Roger Goodell still doesn’t like gambling. And don’t even get him started on brothels.
But neither of those things kept him from jumping in the sack with Las Vegas this week, as the NFL casually voted to put the Raiders in Sin City.
The commissioner said Tuesday night as he wrapped up the NFL owners meeting that he’s still very concerned about the issue of gambling, but that enough other things changed that kept Las Vegas from being the boogeyman it once was.
“I would probably tell you that I think society has probably had a little bit of a change with respect to gambling in general,” Goodell said. “I think we still strongly oppose it in that room, and otherwise, legalized sports gambling.

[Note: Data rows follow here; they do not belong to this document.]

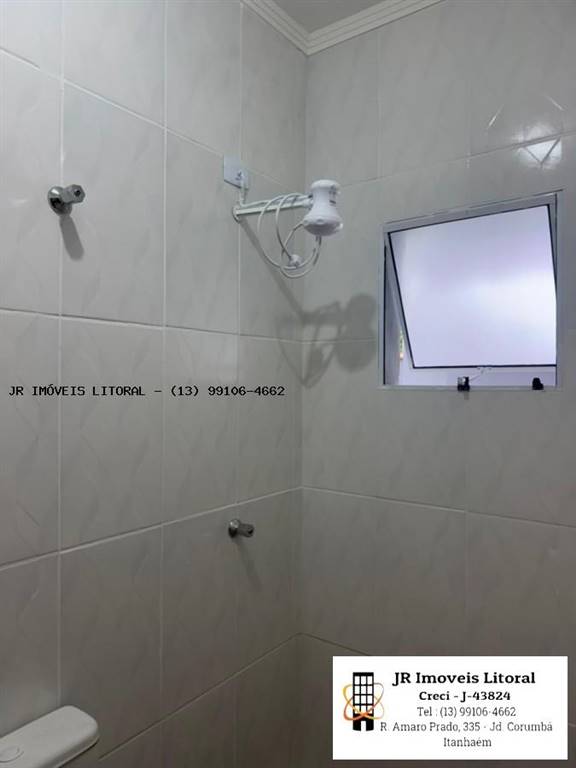 Casa com 2 quartos e 61 m² em Jardim Belas Artes, Itanhaém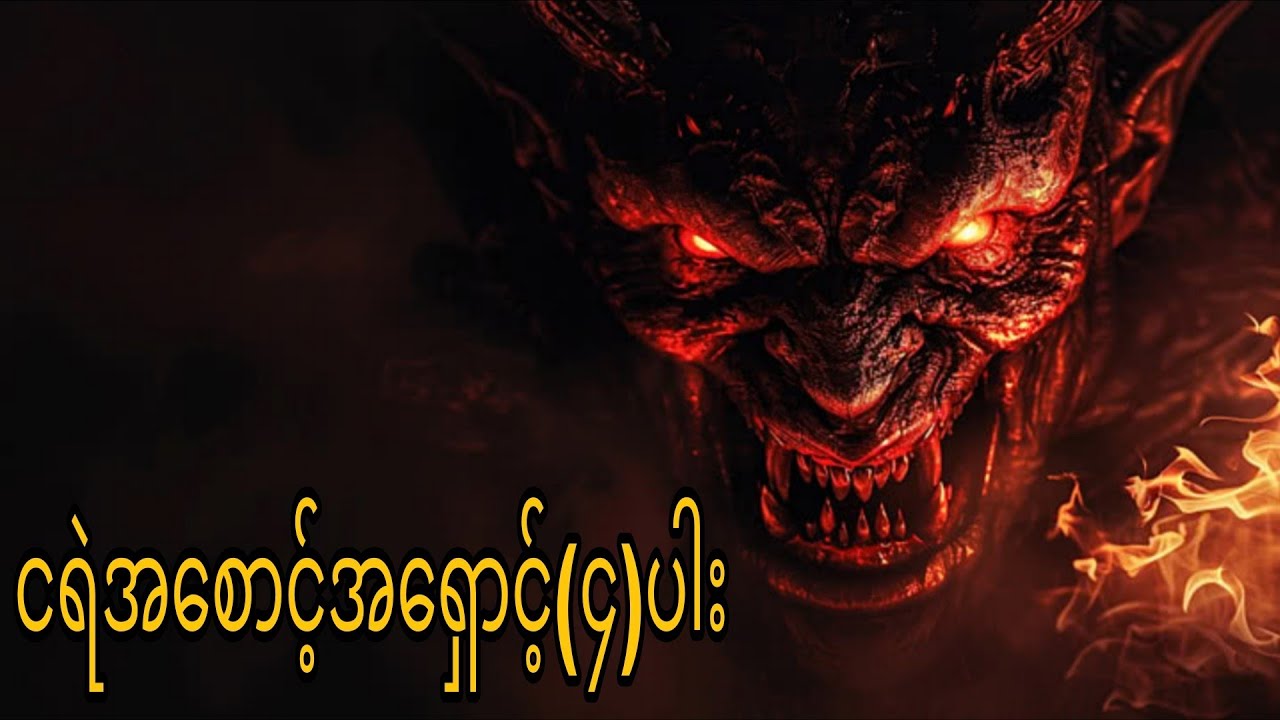 ငရဲအစောင့်အရှောင့်(၄)ပါး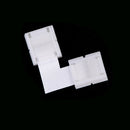5pcs Solderless  4 pin connectors 12V 5050 LED RGB Strip Connectors 90 Degree  Z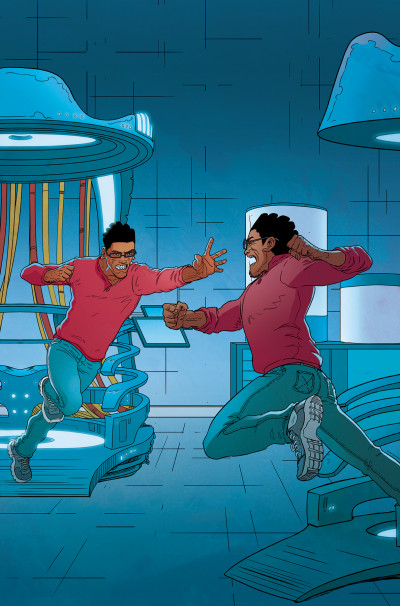 The Man Who Effed Up Time #2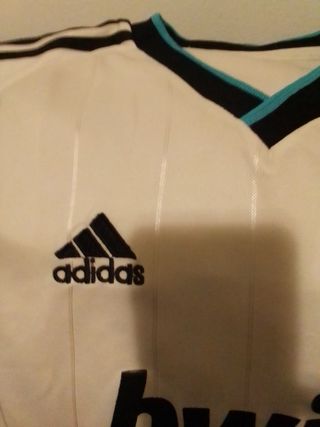 Camiseta Adidas Real Madrid antigua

The integrity of our game is No. 1. We will not compromise on that.
“But I also believe that Las Vegas is not the same city it was 10 years ago or 20 years ago. It’s a much more diverse city. It has become an entertainment mecca. It’s the fastest-growing city in the country. So I think when you look at it today versus what it was a decade or two ago, I think it’s a much different city. And they made a very compelling proposal, which the owners obviously approved overwhelmingly.”
That change in attitudes, and $750 million in public money (plus add-ons) made a difference, apparently.
Goodell has previously called gambling his top concern when it came to the integrity of the game. And while a question about the Raiders-themed brothel got a laugh out of him, the specter of gambling still looms large over the move. He made his serious face and talked about the importance of maintaining the “integrity of the game,” while at the same time suggesting the danger of putting 21-year-olds in Vegas on a full-time basis was no more dangerous than anywhere else (and to be fair, Odell Beckham and his boat trip in South Beach underscored some of that for him).
“My experience is that 21-year-olds can find trouble in a lot of different places, so that’s one of the reasons why we focus so much on our personal conduct policies,” he said. “It’s educating players and helping them make better judgments, giving them better information so they avoid problems. . . .
“We’re going to have to obviously keep a focus on that, no matter where our franchises are.”
But this one, obviously, he’ll need to keep both eyes on, even if that means lifting the eye patch.